Bob Hall: Judging congressional, General Assembly districts fairly

Published 12:00 am Tuesday, February 1, 2022

By Bob Hall

Please don’t be surprised in the coming weeks when the state Supreme Court votes to throw out the Republican-drawn election maps for North Carolina’s congressional and General Assembly districts.  It will likely be a 4-3 vote, with critics blasting the Democratic majority on the court for being biased.

But here’s the truth: A bipartisan panel of judges, with a Republican majority, has already unanimously ruled that Republican legislators intentionally drew the district maps to undermine the power of Democratic voters.

The judges said the legislators’ plan is an “extreme outlier” that “subordinates the Adopted Criteria and traditional redistricting criteria for partisan advantage.”

Translation: Instead of following their own rules, legislators chose an extreme set of maps that divided (“cracked and packed”) you and your neighbors into districts to guarantee that more Republicans will win.  Voters get valued differently.  Black voters, who mostly register as Democrats, will be especially harmed.

Despite expressing their “disdain,” the judges didn’t take the big step of ruling the maps unconstitutional.  The high court will soon take that step.

Given the evidence of “systematic” and “extreme” gerrymandering, I expect the Supreme Court will rule the maps violate our state constitution’s protection against measures that subvert free elections, treat voters unequally, and entrench one party in power.

To prevent my prediction from coming true, Republican legislators recently filed a motion calling for Democratic Justice Anita Earls to remove (“recuse”) herself from the case.  They claim she has “an insurmountable conflict” because her election was heavily financed by a national political committee with a partisan interest in redistricting.

Ironically, Republican Justice Paul Newby faced – and rejected – a nearly identical charge in a previous redistricting case.

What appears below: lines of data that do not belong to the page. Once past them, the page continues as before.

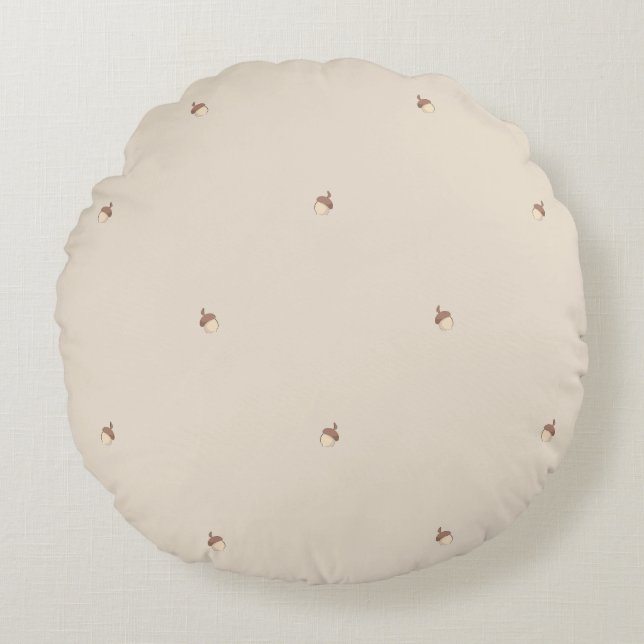 Almofada Redonda Minimal Acorn Pattern Pillow - Round (Frente)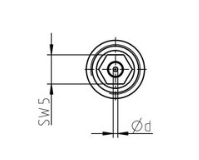 Sapphire nozzle 964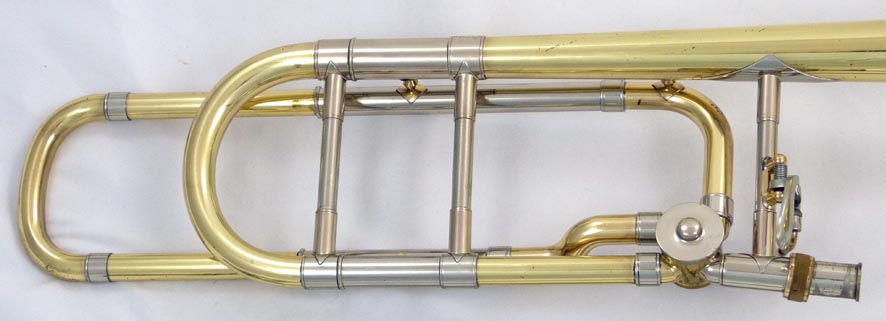 Bach Strad 36B O trombone - close up of wrap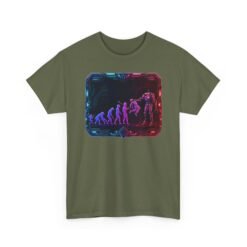 Evolution to AI Termination - Unisex T-Shirt – Artificial Intelligence - Robot Terminator - Image 15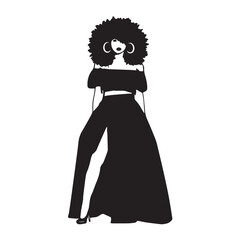 cute pretty lady girl fashion female women in vector art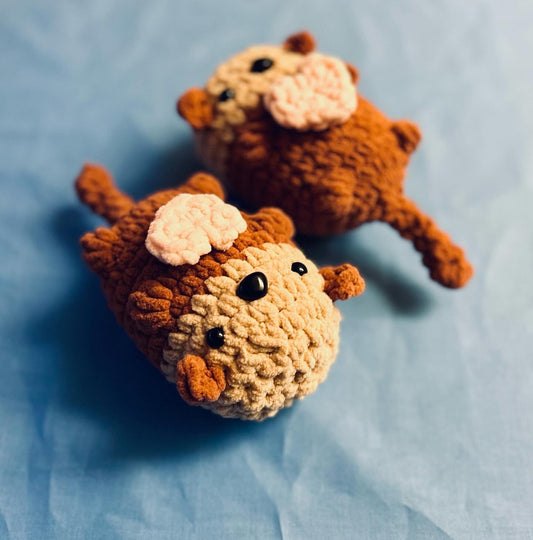 Otters in Love | Handmade Crochet | Plushie | Valentines Gift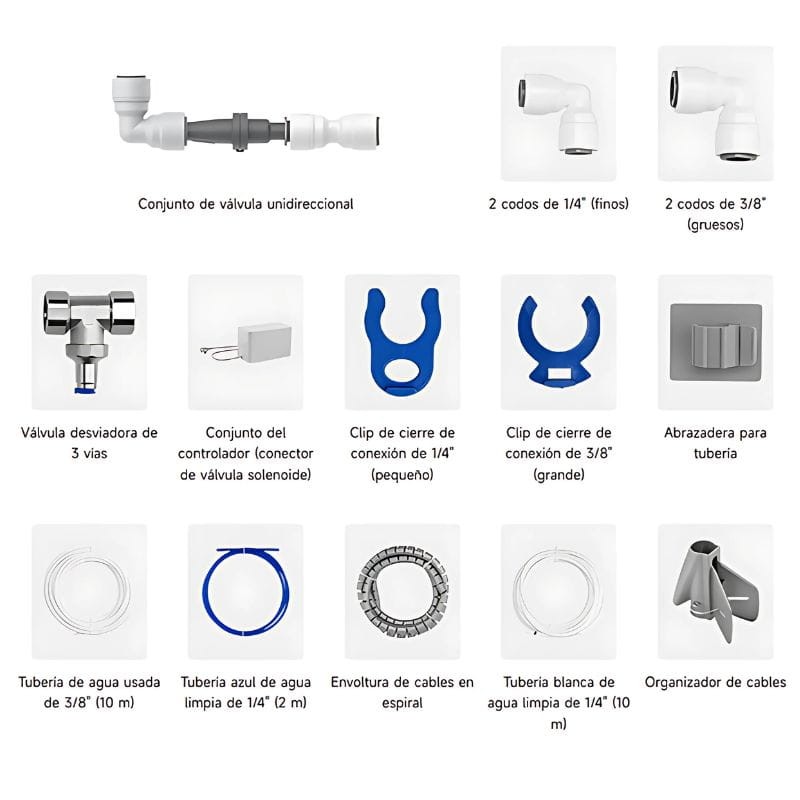 Dreame RAW6 Kit de ligação para enchimento e drenagem automática de água para L10s/X40 Ultra/L40 Ultra - Item8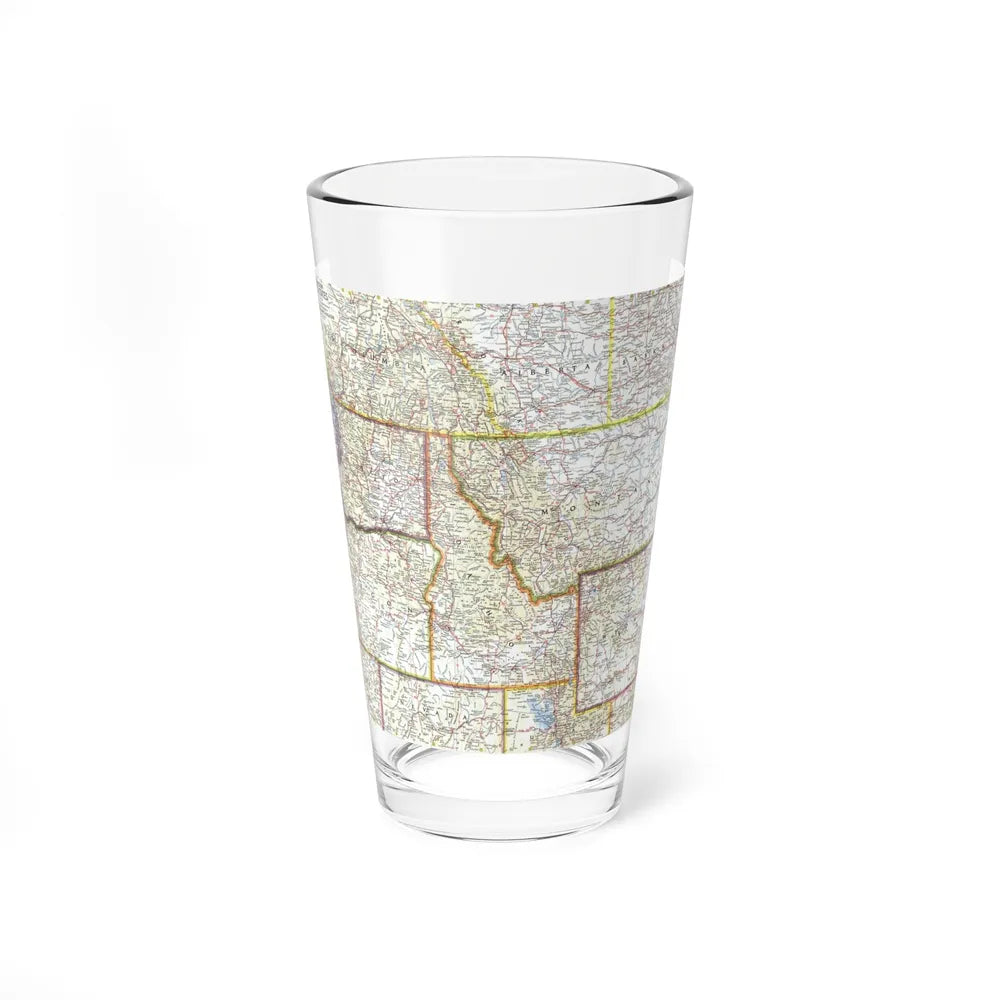 USA - Northwestern (1960) (Map) Pint Glass 16oz-16oz-Go Mug Yourself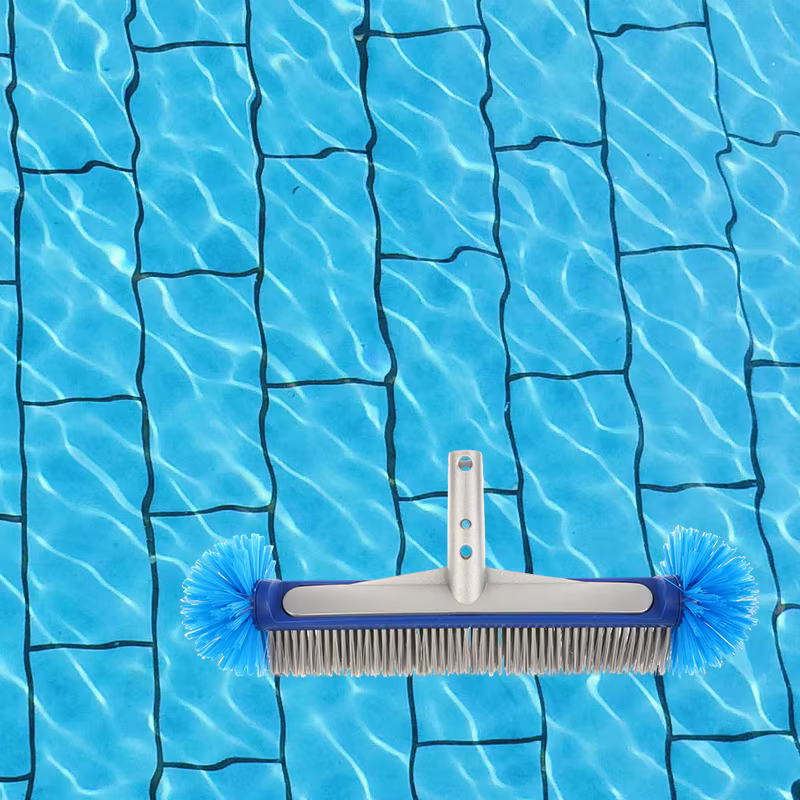 Nouvelle brosse de nettoyage de piscine à manche en aluminium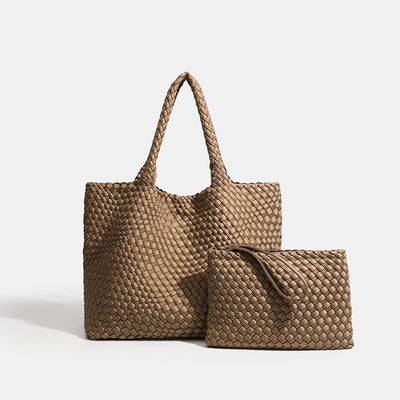 Sac fourre-tout en néoprène tissé à la main pour femme, grande taille, sacs à la mode, produit chaud, grand volume, 2024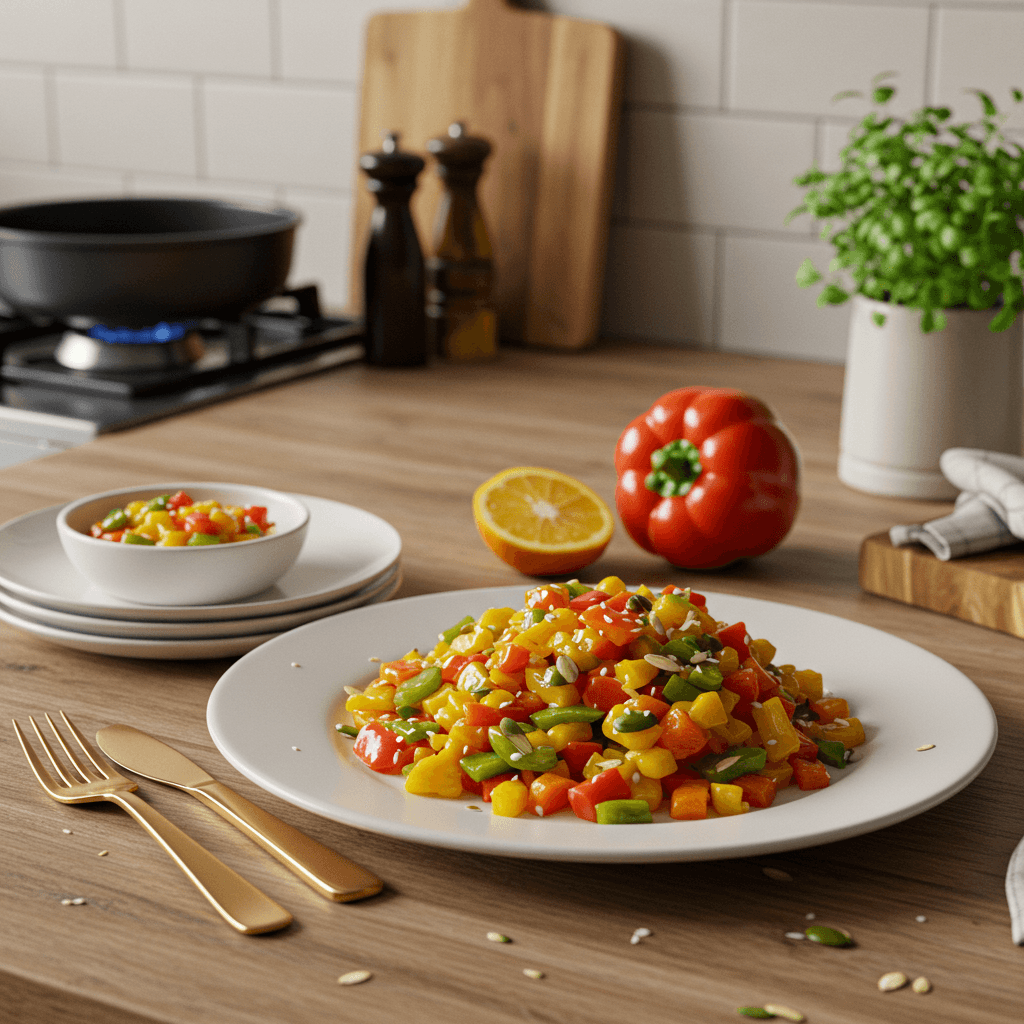 Bell Pepper Delight: A No-Cook Crunch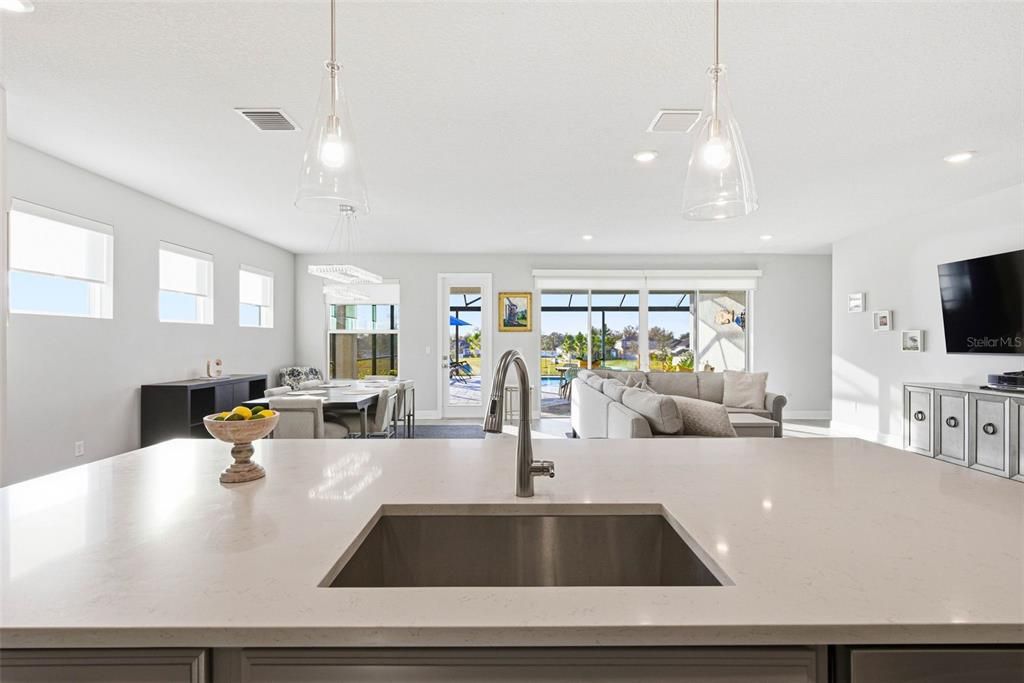 Interior, Kitchen, Pendant Lights, Recessed Lighting
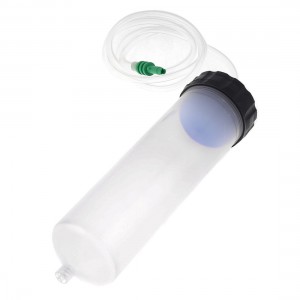 300CC Helix Luer Lock Tip Dispensing Syringe Barrel Clear Black w Adapter
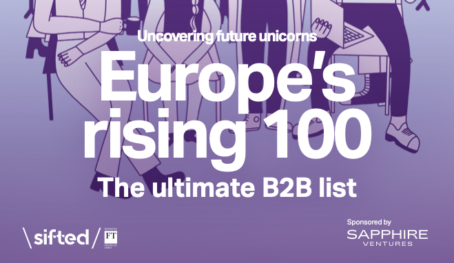 Europe's rising 100 B2B Business Poster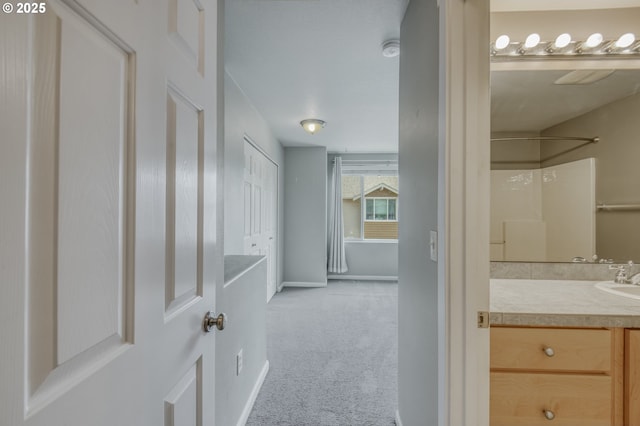 8800 SW 147th Ter Unit 103, Beaverton, OR 97007 - bathroom with vanity and a shower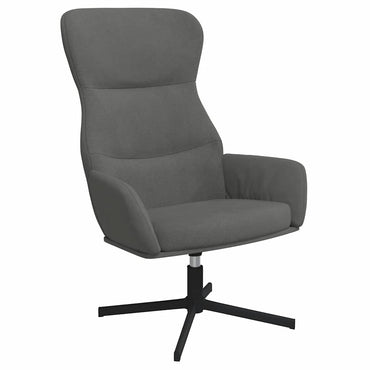vidaXL Relaxsessel Dunkelgrau Samt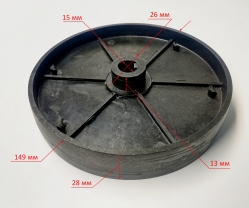 Шкив ведомый для БМ-130П,200П,230П(4),160П,180П(41) TTR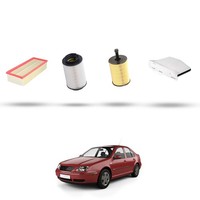 Hoffcar Set Service - 4 Filter FüR VW Jetta IV (162) 2.0 Tdi 103Kw Von 2011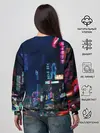 Женский свитшот / Киберпанк 2077 глитч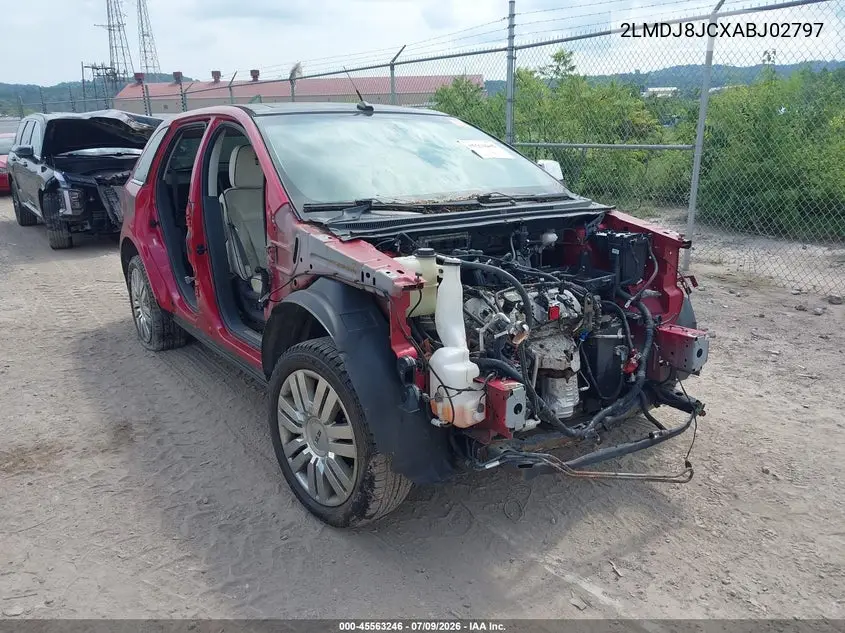 2010 Lincoln Mkx VIN: 2LMDJ8JCXABJ02797 Lot: 45563246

A motion filed by Democrats and others called for his recusal because his election was heavily financed by a national political committee with a partisan interest in the case.  Rather than step aside, Newby wrote a decision upholding the challenged maps.

Republican Justice Phil Berger Jr. also refused to recuse himself recently in a dispute, like this one, where a chief defendant is his father, state Senate leader Phil Berger Sr.  Phil Jr.  dismissed the obvious conflict of a son judging a case involving his daddy.  That’s strange enough, but there’s a major campaign financing conflict for Justice Berger, too.

Phil Berger Sr. is often a featured guest at his son’s campaign fundraisers.  In fact, the vast majority of money Phil Jr. has raised for his judicial elections has come from the Republican Party and donors tied to political appointees and lobbyists who seek favorable treatment from Phil Sr., the Senate boss and most powerful Republican in North Carolina.

In response to a complaint I filed with the board of elections, Phil Jr. had to amend his campaign reports to reveal fundraising events paid for by political appointees and a fundraiser with Phil Sr. at a lobbyist’s home.  How can the son impartially rule in a redistricting case involving the political fate of his major benefactor?

It seems hypocritical for Sen. Berger Sr. and others to tell Justice Anita Earls to recuse herself when Justices Newby and Berger Jr. have not.  As a distinguished Black woman attorney with extensive expertise in racial and partisan gerrymandering, Justice Earls will likely play a key role in how the court rules in this case. That’s the real reason GOP legislators want her removed.

Partisan strife will continue, but please remember that Republican and Democratic judges agree that the district maps are extreme and unfair.  They diminish your vote and disrespect your voice.  Our state constitution’s protection of equal rights and fair elections means they must be declared illegal.

Bob Hall is the retired executive director of the Institute for Southern Studies and Democracy North Carolina.